*Exercise directions*
From the line containing "In this Feb." to the line containing "an ornately decorated" in the records below, set down every line exactly as it stands, both ends included, and skip the pictures.

*Study material*
■ ■ ■ ■ ■

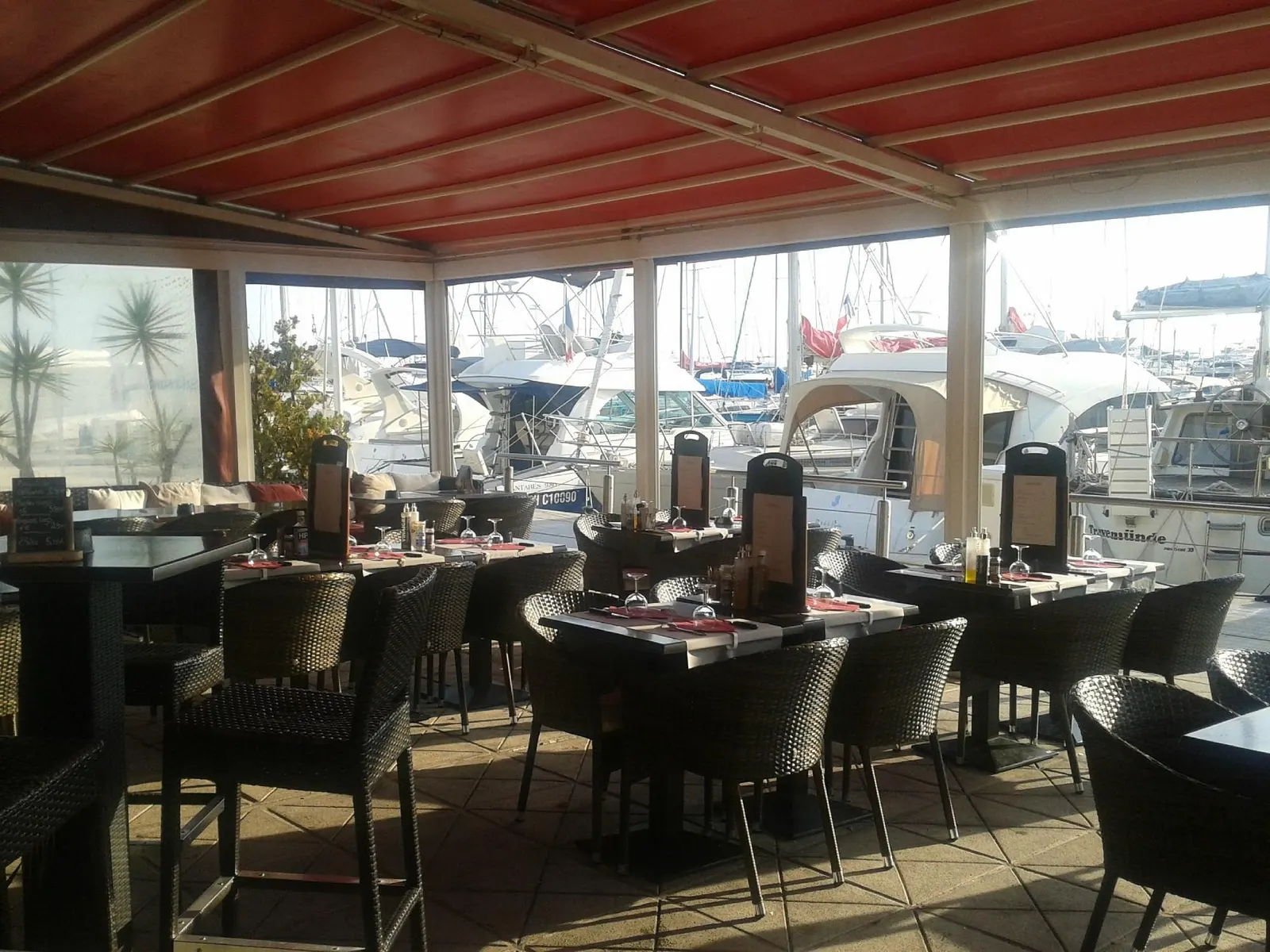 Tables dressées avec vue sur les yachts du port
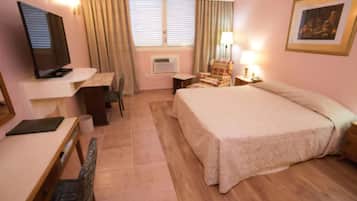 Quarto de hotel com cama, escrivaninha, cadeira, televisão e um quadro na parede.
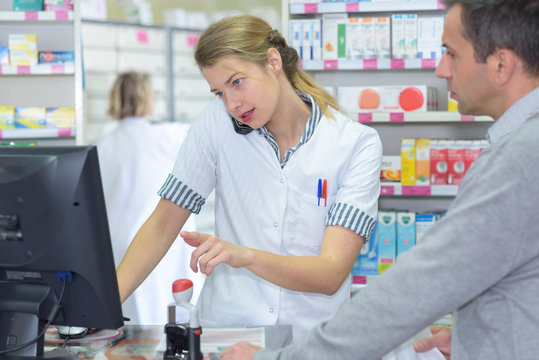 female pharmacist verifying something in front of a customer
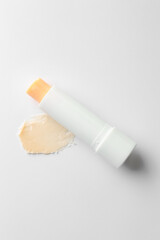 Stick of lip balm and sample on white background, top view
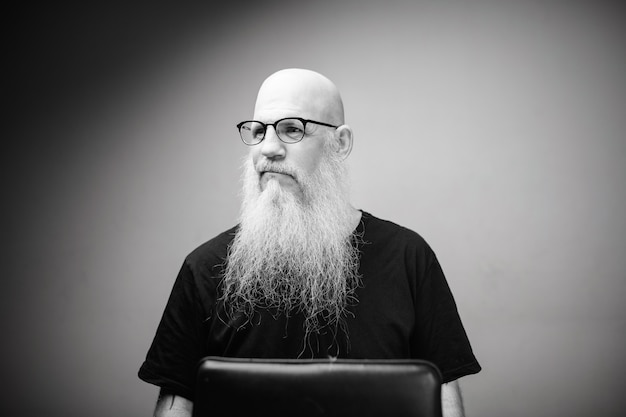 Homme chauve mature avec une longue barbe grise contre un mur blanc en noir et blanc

■ ■ ■ ■ ■

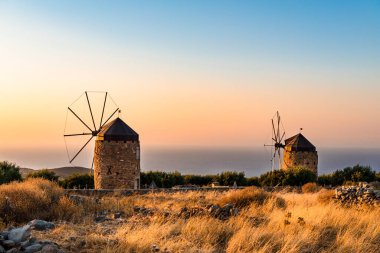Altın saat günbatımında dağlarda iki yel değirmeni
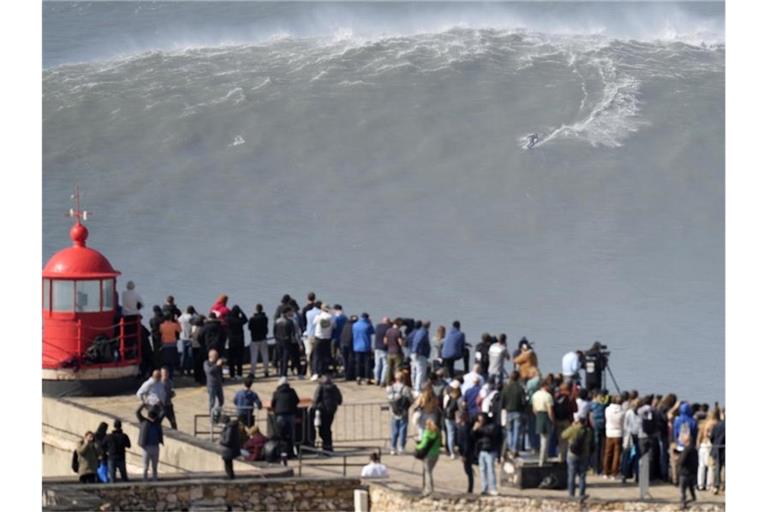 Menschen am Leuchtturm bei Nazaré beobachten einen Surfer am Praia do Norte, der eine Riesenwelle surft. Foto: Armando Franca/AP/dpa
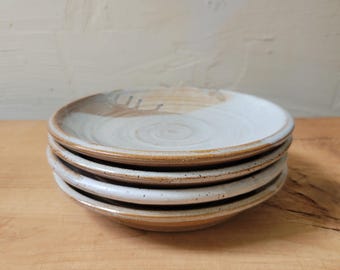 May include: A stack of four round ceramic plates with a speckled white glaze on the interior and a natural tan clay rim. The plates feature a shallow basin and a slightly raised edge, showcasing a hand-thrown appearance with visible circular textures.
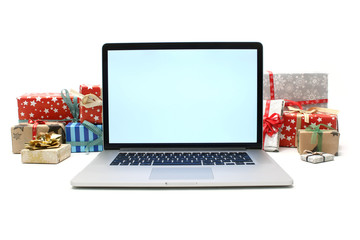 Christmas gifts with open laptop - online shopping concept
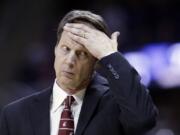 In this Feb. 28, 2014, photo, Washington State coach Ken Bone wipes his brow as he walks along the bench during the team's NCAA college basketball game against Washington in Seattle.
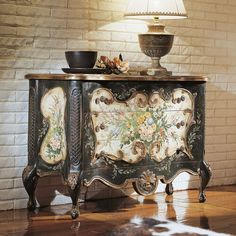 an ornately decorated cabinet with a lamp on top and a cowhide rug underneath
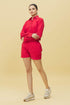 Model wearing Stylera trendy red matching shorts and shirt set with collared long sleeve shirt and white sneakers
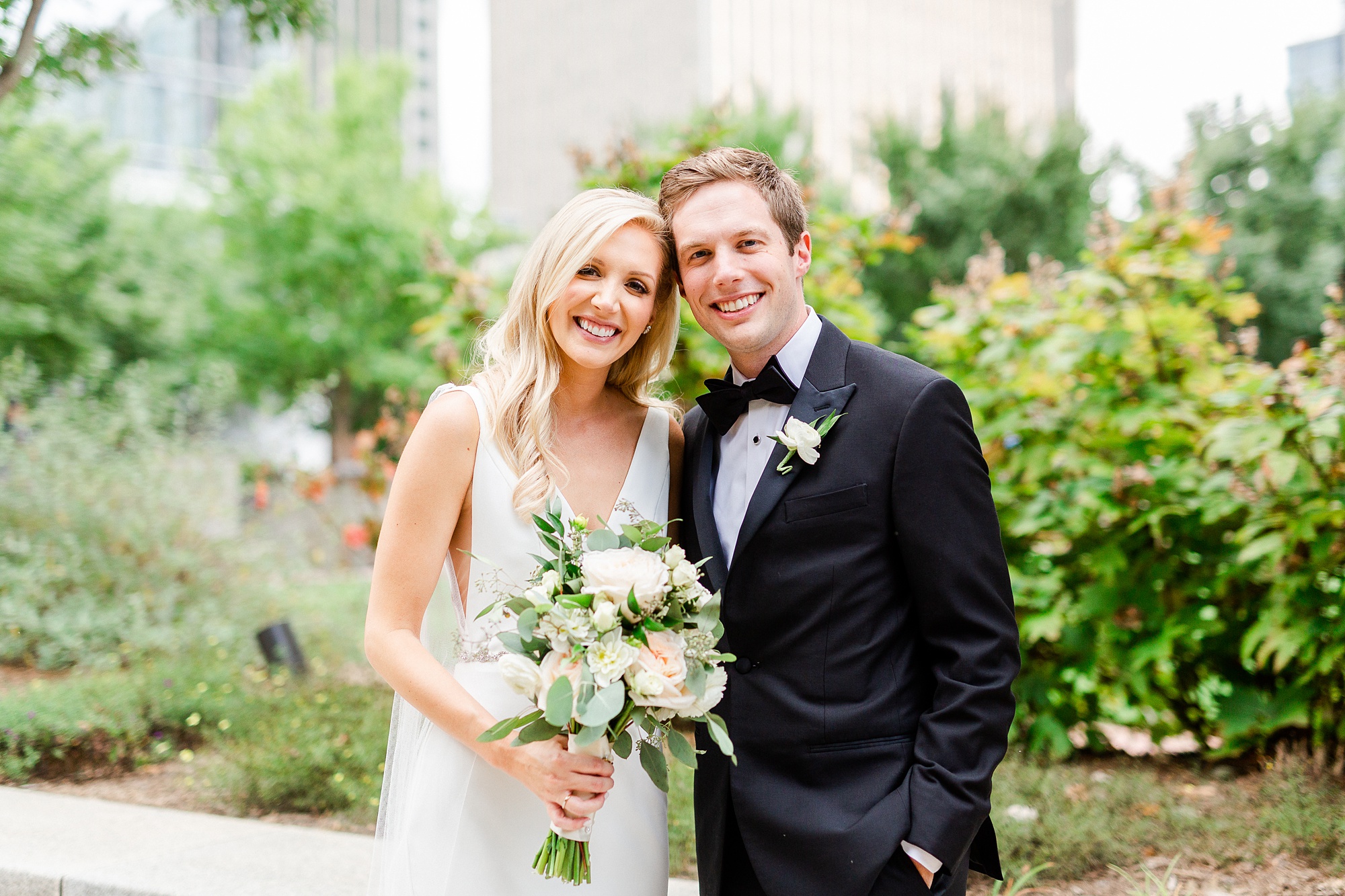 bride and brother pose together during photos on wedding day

■ ■ ■ ■ ■

*Response to the exercise*
 In this Feb. 28, 2014, photo, Washington State coach Ken Bone wipes his brow as he walks along the bench during the team's NCAA college basketball game against Washington in Seattle.
 an ornately decorated cabinet with a lamp on top and a cowhide rug underneath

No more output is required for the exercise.